▸ Work item: The data below should be restated word for word, pictures omitted.
Collected material: Begin
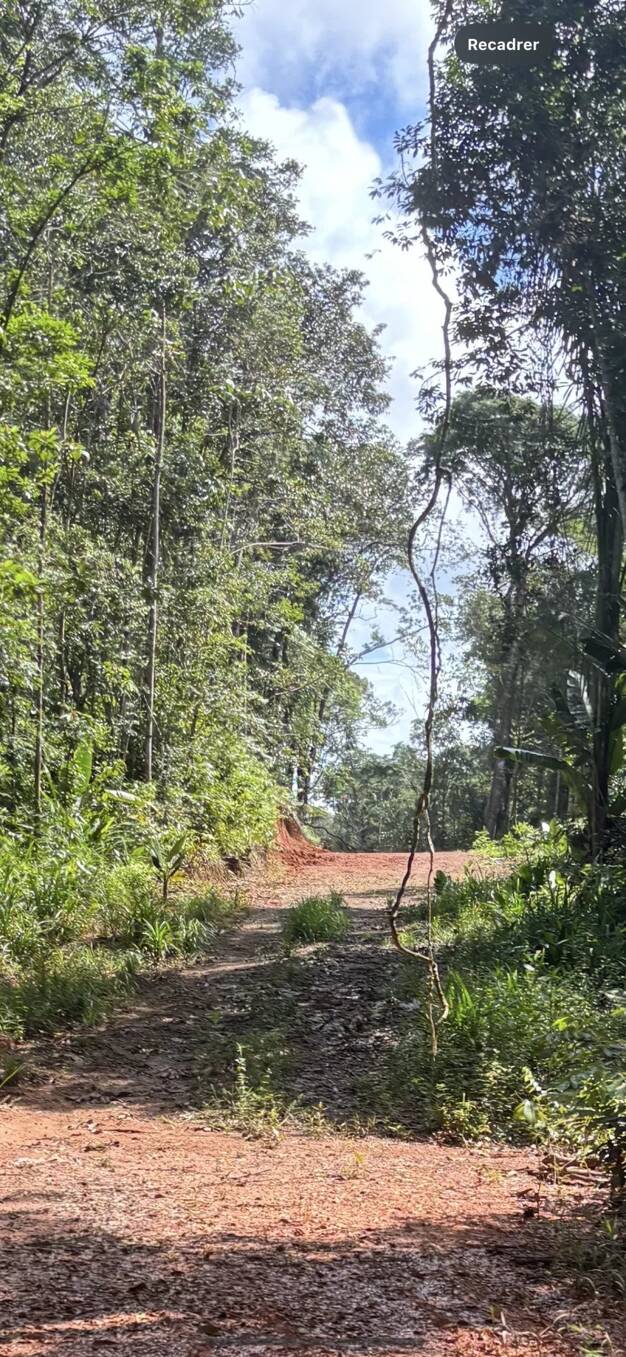 Terrain à vendre 32 000 € 5 000 m² de terrain Montsinéry-Tonnegrande 97300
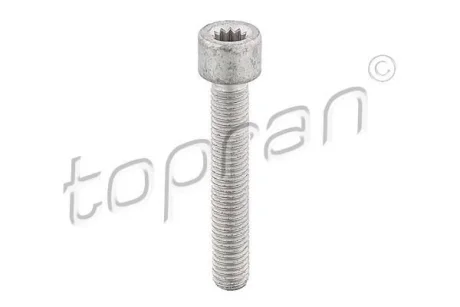 Болт Кріплення ШРУСа TOPRAN TOPRAN / HANS PRIES 104306
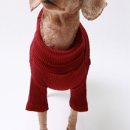 우리퍼피 이미지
Collected material: End
▸ Result of the task:
 Terrain à vendre 32 000 € 5 000 m² de terrain Montsinéry-Tonnegrande 97300
 Болт Кріплення ШРУСа TOPRAN TOPRAN / HANS PRIES 104306
 우리퍼피 이미지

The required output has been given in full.